As instituições que mantiverem contas correntes ou realizarem operações com sancionados podem ser excluídas do sistema financeiro dos EUA. A medida compromete especialmente transações em dólar e vínculos com bancos americanos.
A exclusão do sistema americano dificultaria a operação global dessas instituições, afetando sua capacidade de intermediar pagamentos internacionais e acessar crédito em moeda forte.
Lei Magnitsky: Trump prepara sanções contra autoridades brasileiras
O governo Trump deve anunciar nos próximos dias uma nova rodada de retaliações contra o Brasil, com foco em autoridades do Palácio do Planalto e ministros do Supremo Tribunal Federal (STF).
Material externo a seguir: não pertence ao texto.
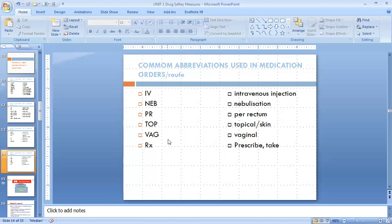Next one is VAG, which is the short form for vaginal. And RX means prescription.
As medidas também se baseiam na Lei Magnitsky.
Entre as punições previstas estão a suspensão de vistos de pessoas ligadas diretamente ao presidente Luiz Inácio Lula da Silva. O próprio presidente, a primeira-dama e o vice-presidente Geraldo Alckmin ficariam de fora das restrições.
Essas medidas também podem atingir ministros do STF que votaram por punições ao ex-presidente Jair Bolsonaro. Também aqueles que votaram para censurar plataformas digitais.